## Hands-On Session Advanced Messaging #3: Collective Communication Algorithms

Objective: To better understand binary tree collective communication algorithms.
The code for this exercise can be found here.

The program global_sum.c generates a single random integer on each process and then seeks to sum the values together across all processes using a binary tree. The code works if the number of processes used, nproc, is a power of two, but fails otherwise. Inspect and run the code. Make sure you understand how it works.

1. Fix the code so that it works correctly even when the number of processes used is not a power of two. Hint: consider cutting off at nproc the tree for the next power of two.

2. (skip initially and complete later, if there is time)
The current program gives the value of the final sum only on process 0. Modify the code so that it gives the final value on any process that you chose. Have the rank of the chosen process passed to the summation function. For the purpose of this exercise make that process the one with a rank of nproc/2.

The program global_gather.c is similar to global_sum.c in that it has multiple processes that each generates a single integer of random value. However, instead of adding these values together we now wish to create a list of all these values on each process. This is a gather operation, and has been implemented in the code using a single MPI_Allgather(). Inspect and run the code. Make sure you understand what it is doing.

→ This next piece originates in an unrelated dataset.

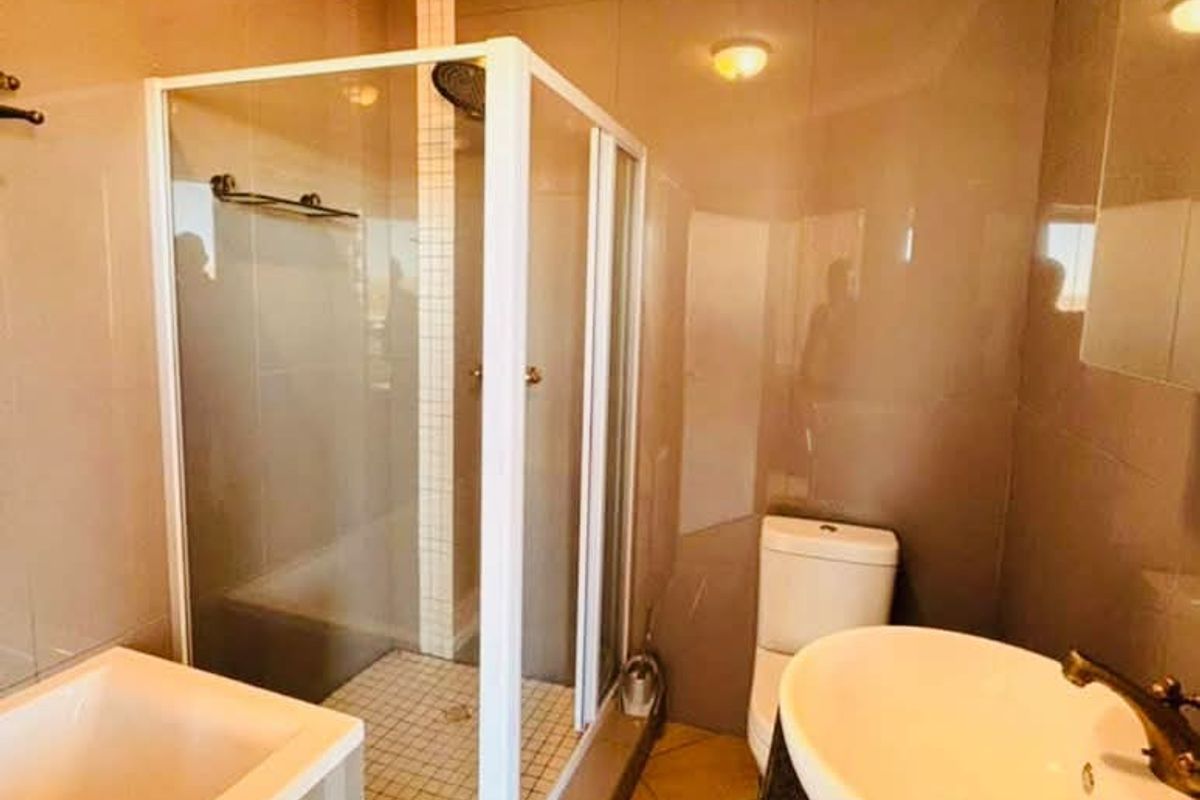 A functional bathroom featuring a shower enclosure, bathtub, toilet, and a vessel sink set on a granite vanity countertop with tiled finishes.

1. Re-write global_gather.c, replacing the call to MPI_Allgather() with a call to a function that you write that only uses MPI point-to-point send and receive calls.
You can base your function on the global_sum() function in global_sum.c. But now instead of summing integers as you go up the tree, you concatenate them in a list. Note that the amount of data sent doubles as you go up the tree. To simplify the problem you may assume that the number of processes is an integer power of 2. There are two approaches.
• The rightmost of an active pair sends to the leftmost, and then drops out. So far, this is like the global sum except we are concatenating at each point, not summing. The root eventually has the whole list and then broadcasts the completed list back down the tree.
• recursive doubling. The pairs of processes exchange data at each level, and the number of active pairs stays constant. At the final step, all processes should have the complete list.